X-Class vs Amarok: which is better for towing?
We haven’t been able to test this yet, but on paper the X-Class may be the better choice – as the Mercedes is rated to tow 3.5 tonnes (3,500kg) whereas the VW is limited to 3.1 tonnes (3,100kg).
That said, if you don’t need to tow more than the Amarok’s 3.1-tonne max, its V6 engine’s vast reserves of torque are going to make life very, very easy for you. The four-cylinder X-Class is slow enough without anything attached to its backside.
Amarok vs X-Class: driving off-road
We’d be surprised if either of these pickups experienced heavy-duty off-road use – they’re surely too expensive – but we found they both cope admirably with muddy green-laning.
This X-Class has selectable four-wheel drive, which means you have to activate it via a dial on the centre console, whereas the Amarok’s system is permanently engaged. However, you can do this on the move, and there is the added bonus of a low-range mode in the Mercedes, which the VW lacks.
The forthcoming V6 X-Class will have permanent four-wheel drive, and a different seven-speed automatic gearbox – like the engine, these are all ‘proper’ Mercedes parts, rather than re-engineered Nissan components.
X-Class vs Amarok: mpg
Not a vast difference in the official fuel economy figures – despite the VW having an engine almost 50% larger and two extra cylinders, it returns a claimed 34.9mpg to the Mercedes’ 35.8mpg.

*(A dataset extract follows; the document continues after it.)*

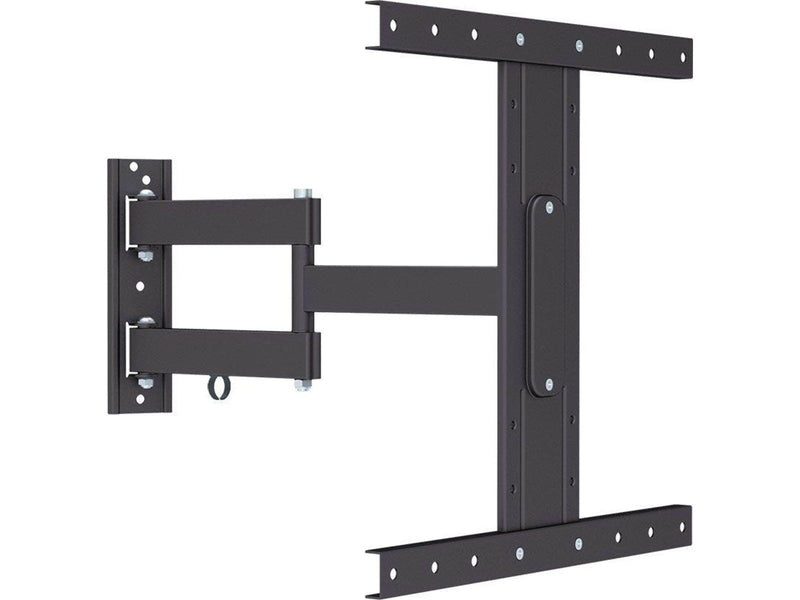 Sinox One TV Wall Mount. 32"-55". Black 35 kg 55" 200 x 200 mm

In real life, both seem capable of an indicated 30mpg+ in regular driving, though the Amarok will really start chugging the juice if you need to press on to the engine’s full potential.
Amarok vs X-Class: verdict
These are both excellent pickups – as they should be for the price. The Amarok’s strengths are its comfort, the accessibility and depth of its performance, and its greater practical functionality. It’s a truck we would happily drive every day.
The X-Class costs more despite its comparatively weak engine, and the firmness of the ride may require careful consideration before you commit. But from the quality of the interior to the near car-like precision of the driving experience, Mercedes has raised the game, albeit in a manner that is laser-targeted to appeal to lifestyle buyers.
And that’s all before we’ve even driven the full-fat V6 version – although given the price of this four-cylinder model, you may need to rob a bank to afford that one.